* The task: From the entries below, copy exactly the lines from the one that contains "We love snowy" through the one that contains "1 sheet included&nbsp;", both included, and only those.

Start of The data

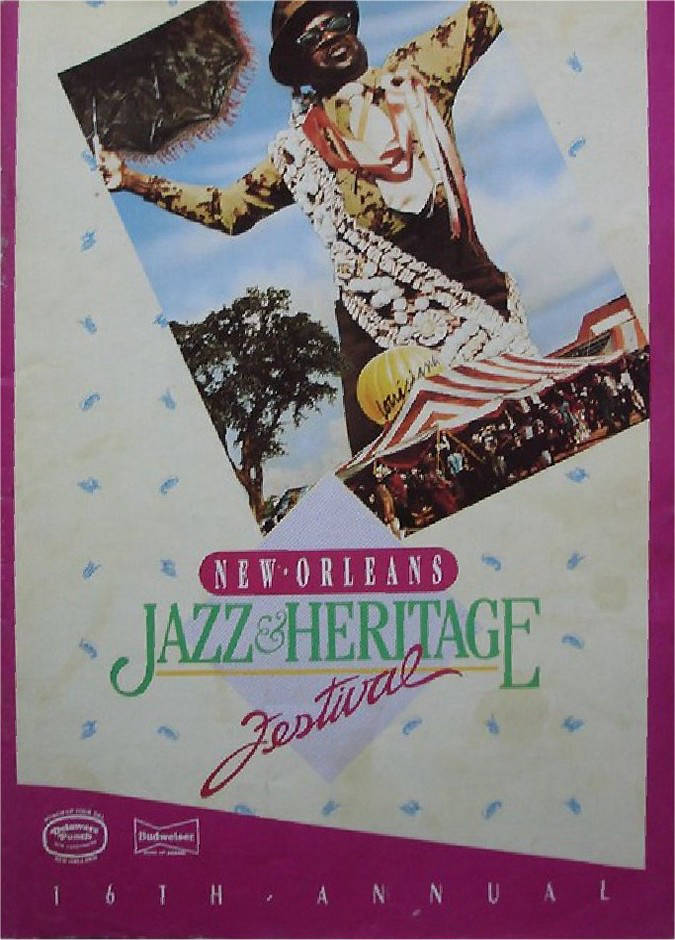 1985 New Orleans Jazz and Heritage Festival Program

End of The data
Start of The data

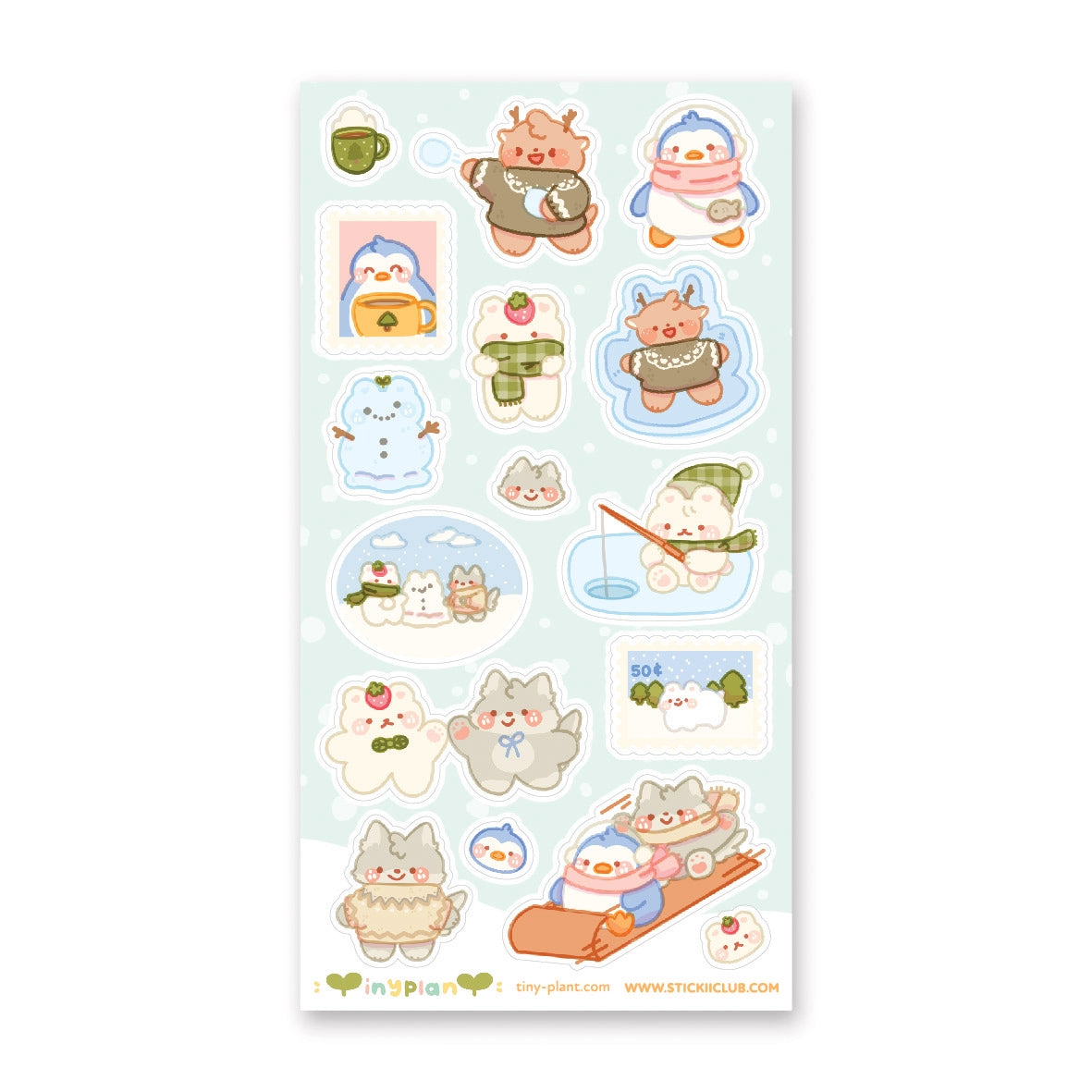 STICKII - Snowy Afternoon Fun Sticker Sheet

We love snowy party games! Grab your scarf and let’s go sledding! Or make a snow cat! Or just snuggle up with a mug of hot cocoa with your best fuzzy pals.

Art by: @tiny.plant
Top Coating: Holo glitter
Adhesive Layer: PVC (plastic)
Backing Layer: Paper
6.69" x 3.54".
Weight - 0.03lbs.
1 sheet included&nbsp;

End of The data
Start of The data

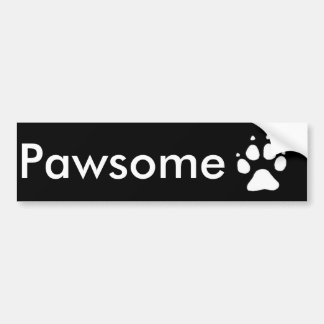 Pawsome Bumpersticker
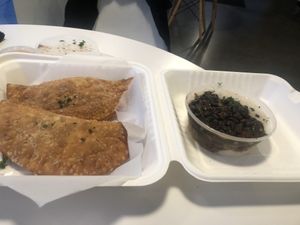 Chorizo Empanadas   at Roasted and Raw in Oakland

End of The data

* Problem solution:
We love snowy party games! Grab your scarf and let’s go sledding! Or make a snow cat! Or just snuggle up with a mug of hot cocoa with your best fuzzy pals.

Art by: @tiny.plant
Top Coating: Holo glitter
Adhesive Layer: PVC (plastic)
Backing Layer: Paper
6.69" x 3.54".
Weight - 0.03lbs.
1 sheet included&nbsp;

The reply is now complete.